Absolutely gorgeous!!!!!!!!!!  Great restoration.


----------



## poolboy1 (Apr 28, 2013)

John said:


> Off the work stand
> View attachment 94004View attachment 94005




Who is doing the paint?... Very nice job!!!!


----------



## cyclingday (Apr 28, 2013)

PHENOMINAL!

Now all you need, is a juicy dead grandfather story to go with it. Maybe something like, you walked out to the barn to see how the milking of the cows was going, and how you found Grand Dad slumped over the bucket. When you rolled him over, you found a trap door under his corpse, so you opened it up to see what was down there.
As soon as you flicked your Bic, the dim light illuminated what would be the most beautiful bike you've ever seen. Of course it was all covered in cob webs and dust, so you gave it a good balsting with the hose, and Walla!
This is the bike that Grand Dad had kept hidden from the family all those years.


----------



## bikewhorder (Apr 28, 2013)

cyclingday said:


> PHENOMINAL!
> 
> Now all you need, is a juicy dead grandfather story to go with it. Maybe something like, you walked out to the barn to see how the milking of the cows was going, and how you found Grand Dad slumped over the bucket. When you rolled him over, you found a trap door under his corpse, so you opened it up to see what was down there.
> As soon as you flicked your Bic, the dim light illuminated what would be the most beautiful bike you've ever seen. Of course it was all covered in cob webs and dust, so you gave it a good balsting with the hose, and Walla!
> This is the bike that Grand Dad had kept hidden from the family all those years.




That story wouldn't really add any value to the bike I'm afraid, its kind of creepy and gross, why was he hiding it?


----------



## cyclingday (Apr 28, 2013)

Because he didn't want junior to scratch it.
Junior is an inquisitive kid. The kind that's been known to stick a paper clip into the light socket, just to see what would happen.


----------



## Freqman1 (Apr 28, 2013)

John said:


> Off the work stand
> View attachment 94004View attachment 94005




Looks great John!
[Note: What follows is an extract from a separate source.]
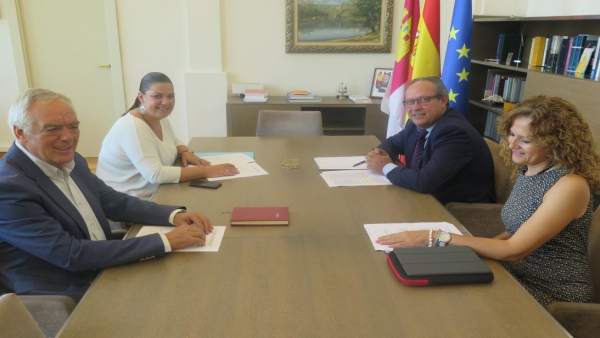 Reunión entre Juan Alfonso Ruiz Molina y Mayte Fernández Reunión entre Juan Alfonso Ruiz Molina y Mayte Fernández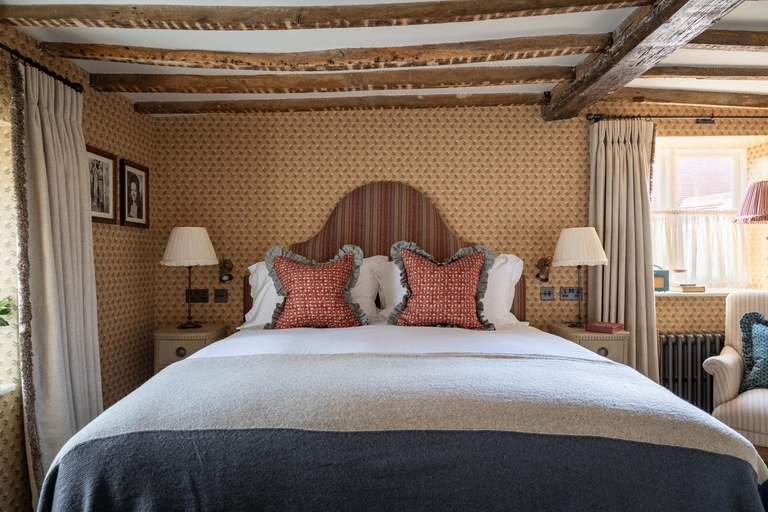 Bedroom 2, The Swan Inn, West Sussex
Is that a new set of Royal Chains on there? V/r Shawn


----------



## John (Apr 29, 2013)

poolboy1 said:


> Who is doing the paint?... Very nice job!!!!




Tim here in San Diego


----------



## John (Apr 29, 2013)

Freqman1 said:


> Looks great John! Is that a new set of Royal Chains on there? V/r Shawn




Just out of the wrapping


----------



## John (Apr 29, 2013)

cyclingday said:


> PHENOMINAL!
> 
> Now all you need, is a juicy dead grandfather story to go with it. Maybe something like, you walked out to the barn to see how the milking of the cows was going, and how you found Grand Dad slumped over the bucket. When you rolled him over, you found a trap door under his corpse, so you opened it up to see what was down there.
> As soon as you flicked your Bic, the dim light illuminated what would be the most beautiful bike you've ever seen. Of course it was all covered in cob webs and dust, so you gave it a good balsting with the hose, and Walla!
> This is the bike that Grand Dad had kept hidden from the family all those years.




Marty did I already tell you the story?


----------



## Rustafari (Apr 30, 2013)

That thing is beautiful! Nice choice of colors.


----------